Installing the CBPTT on your machine

Installation - as an NPM module

The Coinbase Pro Trading Toolkit (CBPTT) is written in Typescript, a superset of the javascript language. Typescript has all the flexibility of JS as well as the ability to use static typing, which eliminates or prevents whole classes of bugs from code.

So if you’re developing your bots in Typescript, then this library should have a familiar look and feel. If you are using node.js and don’t want to, or can’t switch to Typescript, then that’s not a problem either.

In either case, you can install the CBPTT by executing

yarn add coinbase-pro-trading-toolkit
// or if you're using npm (Use yarn if you plan on running examples from /tutorials folder)
npm i coinbase-pro-trading-toolkit

(we’re using Yarn here, which is essentially a 1:1 drop-in replacement for npm with a whole host benefits. If you don’t use yarn, that’s fine, the npm commands are typically identical)
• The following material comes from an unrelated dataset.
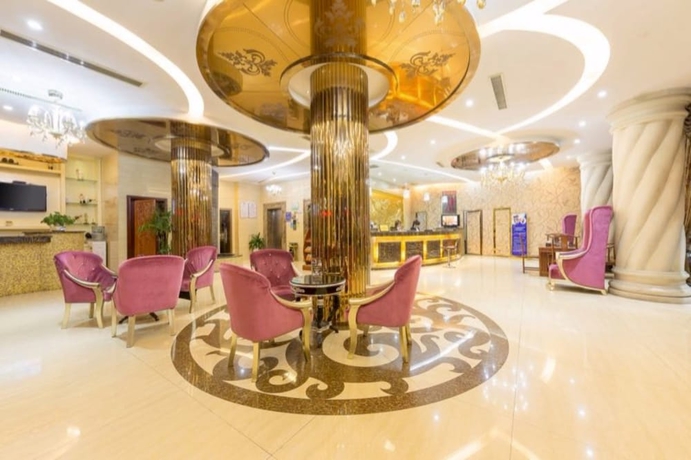 Imagen de los interiores del Hotel Rong Le Business. Foto 18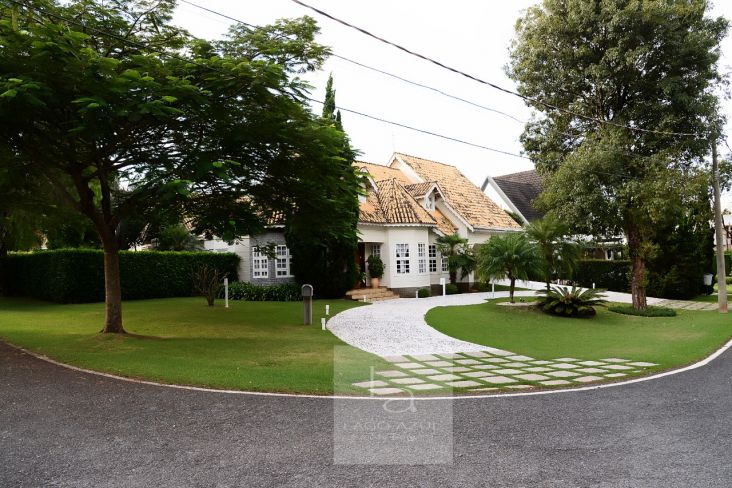 Casa de esquina em rua sem saída estilo Americano com fino acabamento. Casa de esquina em rua sem saída estilo Americano com fino acabamento.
Let’s test that the installation went ok by getting a Coinbase Pro product ticker printed to the console

./node_modules/.bin/coinbaseProConsole  --product BTC-USD -t

You should get output similar to

Ticker for BTC-USD on Coinbase Pro
Price:    1027.35 | 24hr volume:   8644.4 | Bid:    1026.62 | Ask:    1027.35 | sequence: 16935316

Using the library with Javascript

If you’re writing Javascript projects, then using the CBPTT is as simple as

const CBPTT = require('coinbase-pro-trading-toolkit');

This exports the library under the CBPTT variable. You can access sub-components by traversing the root object:

CBPTT.Core       // core components
CBPTT.Exchanges  // exchange interfaces
CBPTT.Factories  // factory methods
...

Refer to the API reference docs or browse the index files to explore the full tree.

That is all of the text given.